The Bizarre Politics of Border Security


In the House, Democrats and Republicans have come together to pass a new border security bill, the Border Enforcement Security Task Force Act, and at the same time politicians are declaring their support for immigration reform they are insisting that border security is the foundation of any reform of immigration laws.

While U.S. immigration enforcement and deportation practices have drawn widespread criticism, there is generally uncritical support for strong border control in Congress and among the principal advocates for immigration reform.

Border security is portrayed as a matter of national security. Yet the politics of immigration reform, opportunistic criticism of the Obama administration by Republicans, and pork-barrel lobbying for more border security funding are the driving forces behind U.S. border security operations, not any considered strategy of what is needed and what works.

As the immigration reform debate begins, the politics of border security will come into play.

Border Control Strategy

Recently the Border Patrol issued its 2012-2016 Border Patrol Strategic Plan. Escalating pressure of illegal immigration flows gave rise to the Border Patrol’s first national strategy, while the perceived new threat environment after 9/11 sparked the formulation of the second strategy in 2004. In contrast, the Border Patrol has offered no convincing rationale for formulating its new national strategy.
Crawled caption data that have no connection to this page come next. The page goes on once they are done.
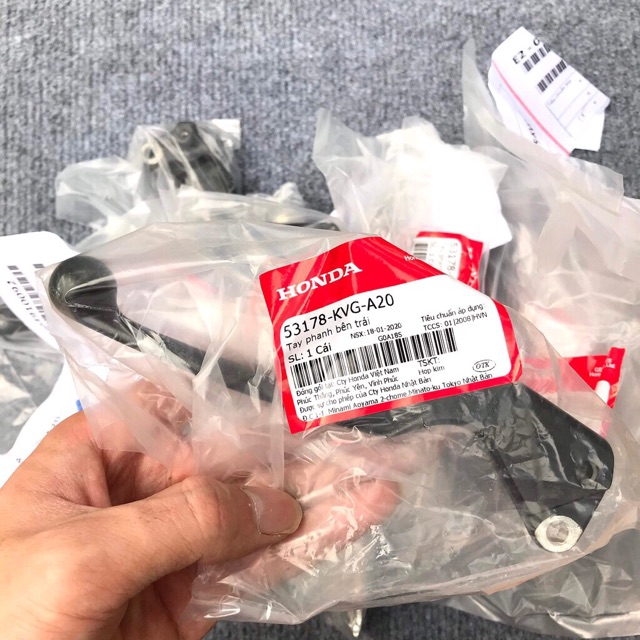 Tay thắng  xe Click 110/ Airblade/ Vision đời 2014 đến 2020 hãng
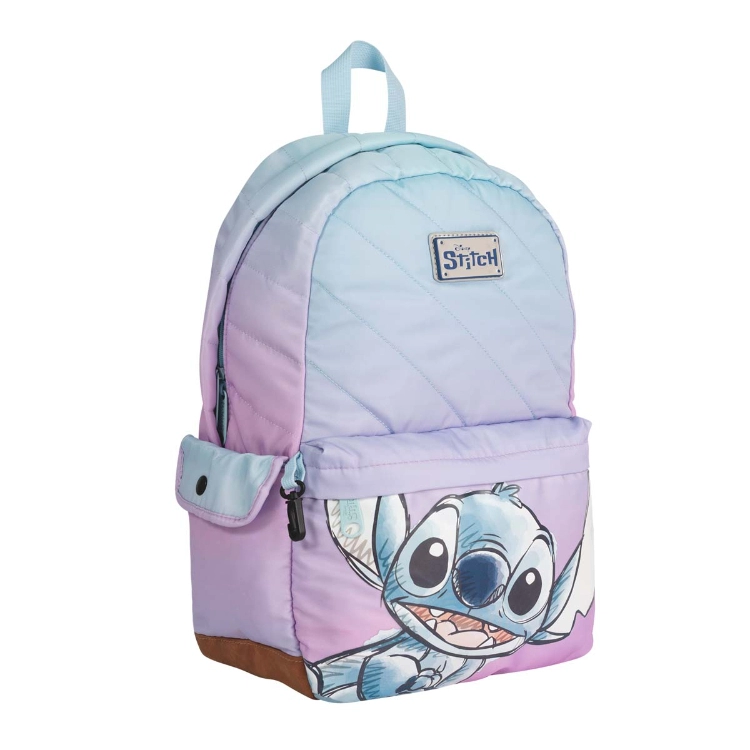 Mochila Escolar Mooving 2026 Stitch Metalesse Art.1629126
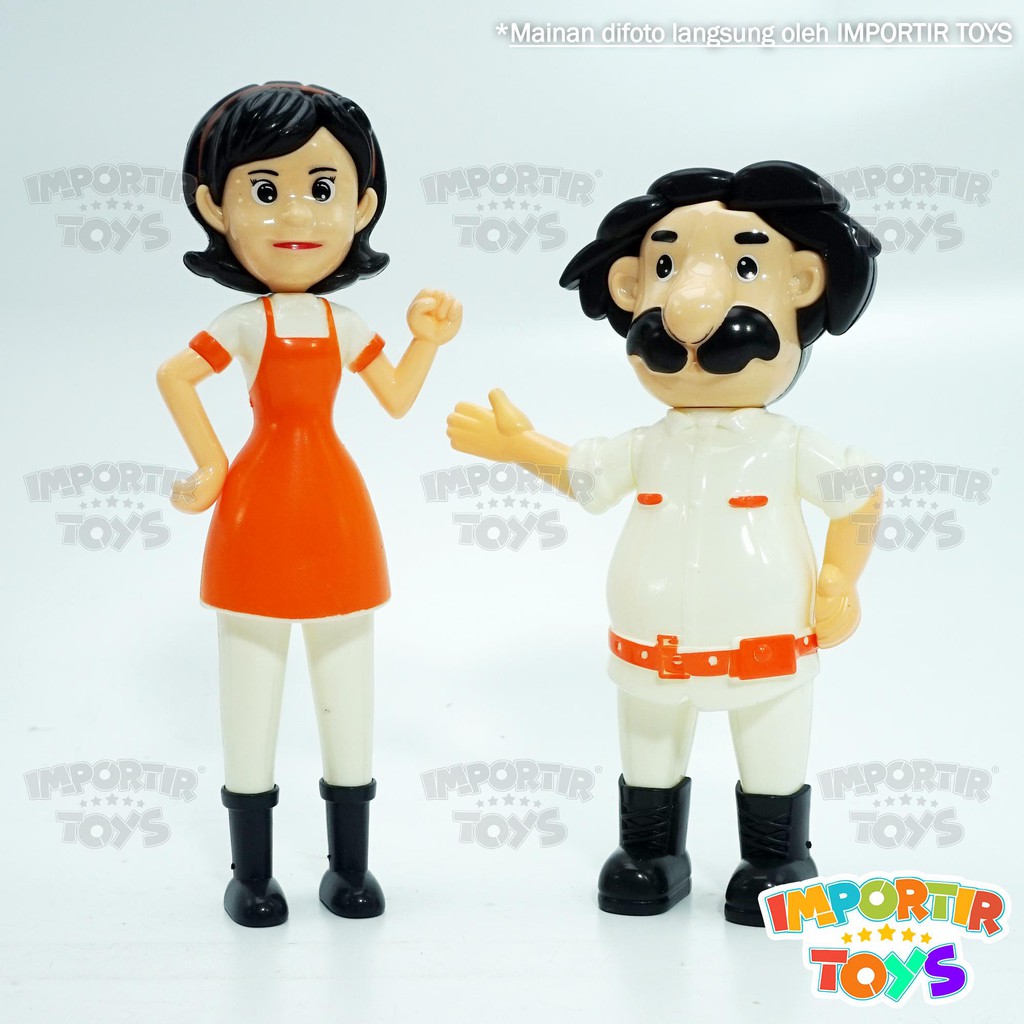 Mainan Anak Set Dinosaurus Plastik Robot Boneka BonBongBong Lucu Berkualitas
To a large degree, the new strategy was published not because the Border Patrol does indeed have a new strategic take on border control but because of the politics of border security in America. Rather than clarifying the border security strategy, it highlights the difficulty DHS has had in defining what the newest federal bureaucracy means by “border security.”

The new strategy – the third in the Border Patrol’s nine-decade history -- sheds little light on what it will cost the nation to “secure the border” and how threats to border security are assessed and prioritize.

Although the Border Patrol dates back to 1924, it wasn’t until 70 years later that the agency issued its first national strategy. The Border Patrol’s first national strategy, released in 1994, came in response to rising illegal immigration flows through the border’s main urban corridors, mainly north from Juárez and Tijuana.

The 1994 “Prevention Through Deterrence” strategy called for blocking the most frequented immigration corridors with concentrated deployments of Border Patrol agents and the targeted buildup of new “tactical infrastructure” such as border walls, stadium lighting and other barriers.

As a result, illegal immigration flows would be diverted, it was argued, to more remote and difficult-to-traverse stretches of the border, thereby creating an effective disincentive for would-be immigrants.

The central objective, only partially successful, of the operations established in accordance with the first strategic plan was to diminish illegal border crossings. As intended, the number of illegal crossings through the targeted sections of the border did decline, in some areas dramatically. But new major south-north immigration corridors emerged, confounding the Border Patrol strategists.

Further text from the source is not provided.